[White Jacket by Herman Melville]@TWC D-Link bookWhite Jacket CHAPTER XIX 4/5
For an instant I thought the Gulf Stream in my head was whirling me away to eternity; but the next moment I found myself standing; the yard had descended to the _cup_; and shaking myself in my jacket, I felt that I was unharmed and alive. Who had done this? who had made this attempt on my life? thought I, as I ran down the rigging. "Here it comes!--Lord! Lord! here it comes! See, see! it is white as a hammock." "Who's coming ?" I shouted, springing down into the top; "who's white as a hammock ?" "Bless my soul, Bill it's only White-Jacket--that infernal White-Jacket again!" It seems they had spied a moving white spot there aloft, and, sailor-like, had taken me for the ghost of the cooper; and after hailing me, and bidding me descend, to test my corporeality, and getting no answer, they had lowered the halyards in affright. In a rage I tore off the jacket, and threw it on the deck. "Jacket," cried I, "you must change your complexion! you must hie to the dyers and be dyed, that I may live.
I have but one poor life, White-Jacket, and that life I cannot spare.
I cannot consent to die for _you_, but be dyed you must for me.

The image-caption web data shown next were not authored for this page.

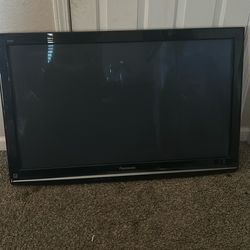 Panasonic 42 Inch TV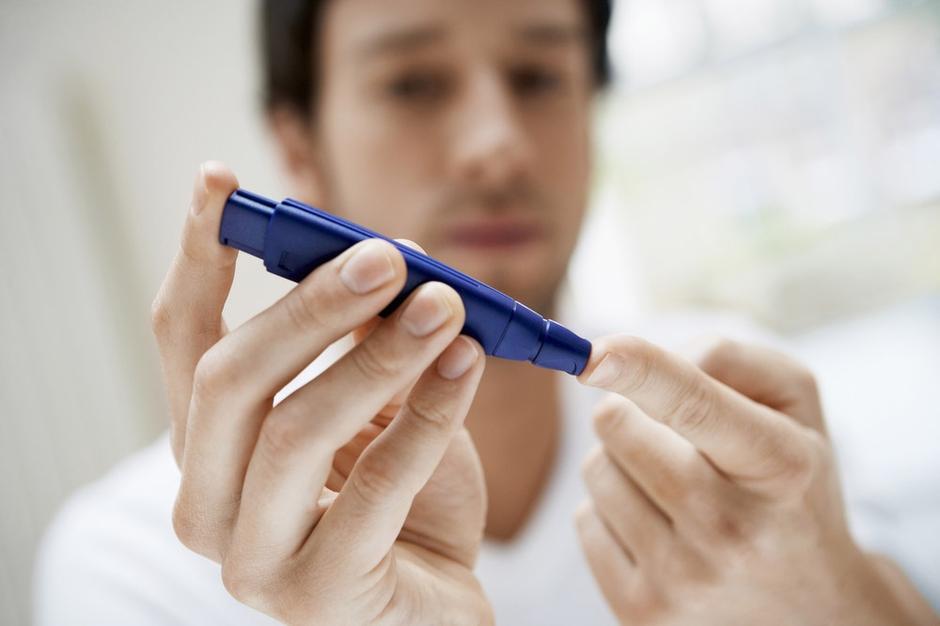 Zivljenje 11.11.13, diabetes, sladkorna bolezen, diagnostika, zdravje, foto: Shu | Avtor: Shutterstock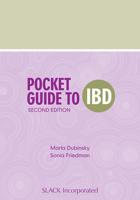 Pocket Guide to IBD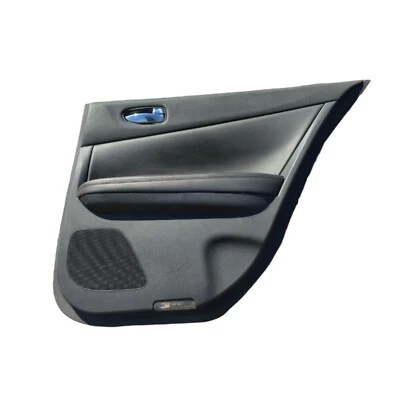 2009 2010 2011 2012 2013 2014 NISSAN MAXIMA REAR PASSENGER DOOR TRIM PANEL OEM - Image 1 of 4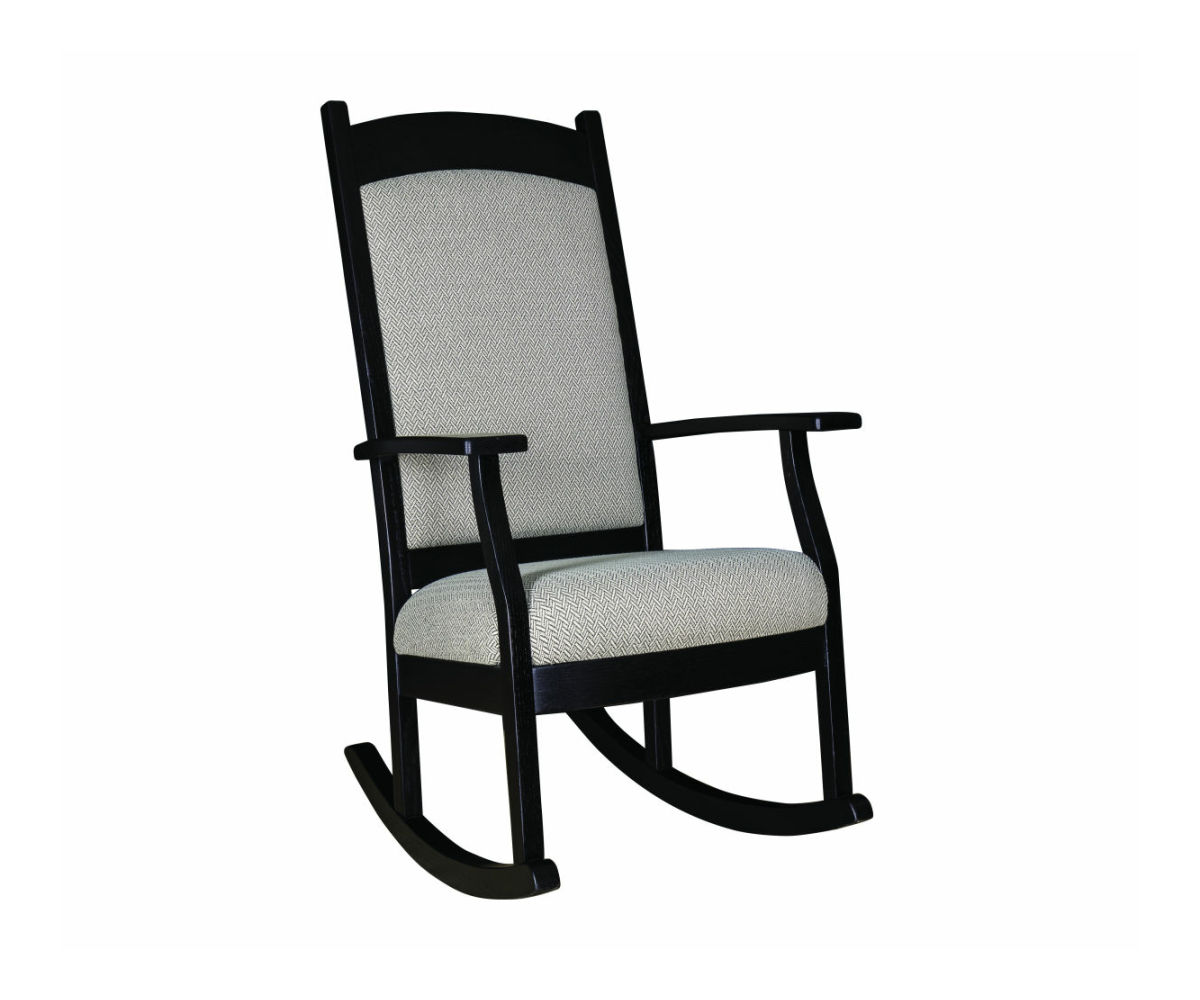 012 Padded Back Rocker copy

You can dye many times without injury; but I cannot die without irreparable loss, and running the eternal risk." So in the morning, jacket in hand, I repaired to the First Lieutenant, and related the narrow escape I had had during the night.
I enlarged upon the general perils I ran in being taken for a ghost, and earnestly besought him to relax his commands for once, and give me an order on Brush, the captain of the paint-room, for some black paint, that my jacket might be painted of that colour. "Just look at it, sir," I added, holding it lip; "did you ever see anything whiter? Consider how it shines of a night, like a bit of the Milky Way.